The value of the land, plus subsidies and other equity benefits, is permanently locked in to the CLT, on behalf of the local community and future occupiers. Local residents and businesses form CLTs in order to plan and deliver long-term affordable and sustainable development of this land, which will benefit the local area and its inhabitants for generations to come.
In 2008 an official definition of Community Land Trusts was laid out in the Housing and Regeneration Act 2008, Part 2, Chapter 1, Clause 79. This says that a Community Land Trust is a corporate body which:
1) is established for the express purpose of furthering the social, economic and environmental interests of a local community by acquiring and managing land and other assets in order:
- to provide a benefit to the local community
- to ensure that the assets are not sold or developed except in a manner which the trust’s members think benefits the local community.
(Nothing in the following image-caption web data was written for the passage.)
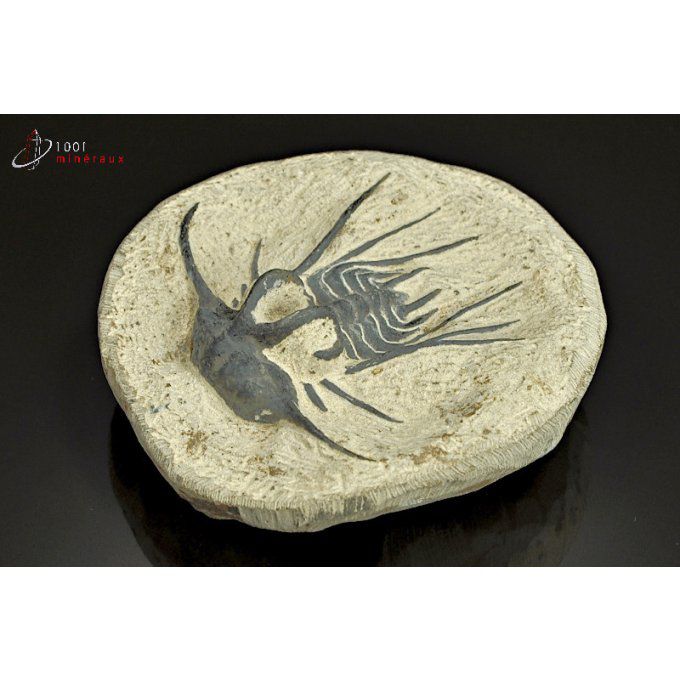 reproduction-trilobite-maroc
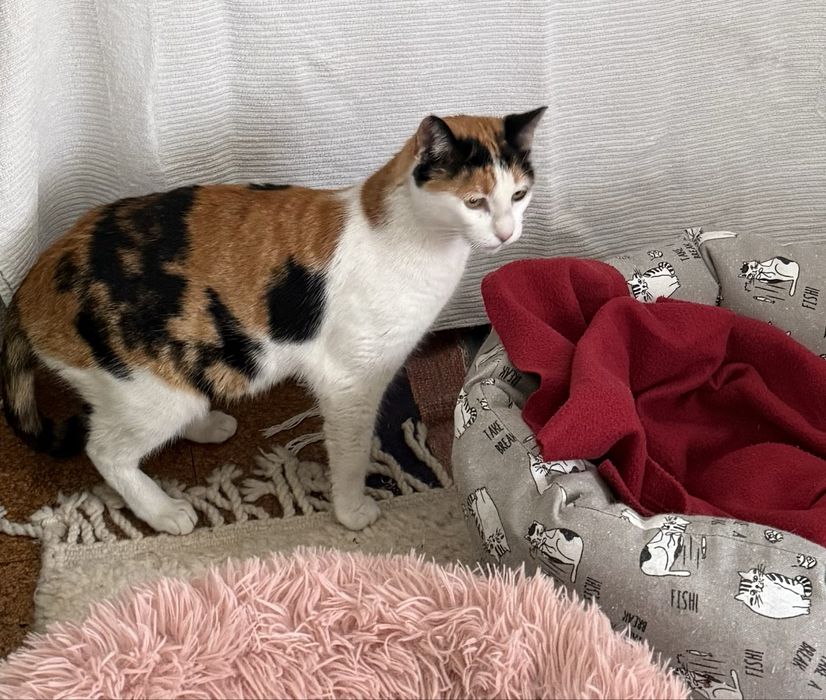 Gatos  para adoção (Mae e filho)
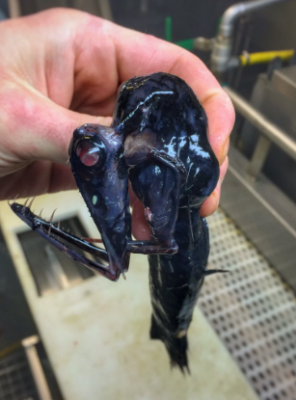 7. Pesce drago o pesce mandibola?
2) is established under arrangements which are expressly designed to ensure that:
- any profits from its activities will be used to benefit the local community (without by being paid directly to members)
- individuals who live or work in the specified area have the opportunity to become members of the trust (whether or not others can also become members)
- the members of a trust control it.
The Community Land Trust concept emerged in the United States in the late 1960s, and some early successes meant that community groups around the world were keen to adopt the CLT model. In the United Kingdom interest in the model has escalated with a number of projects currently in development.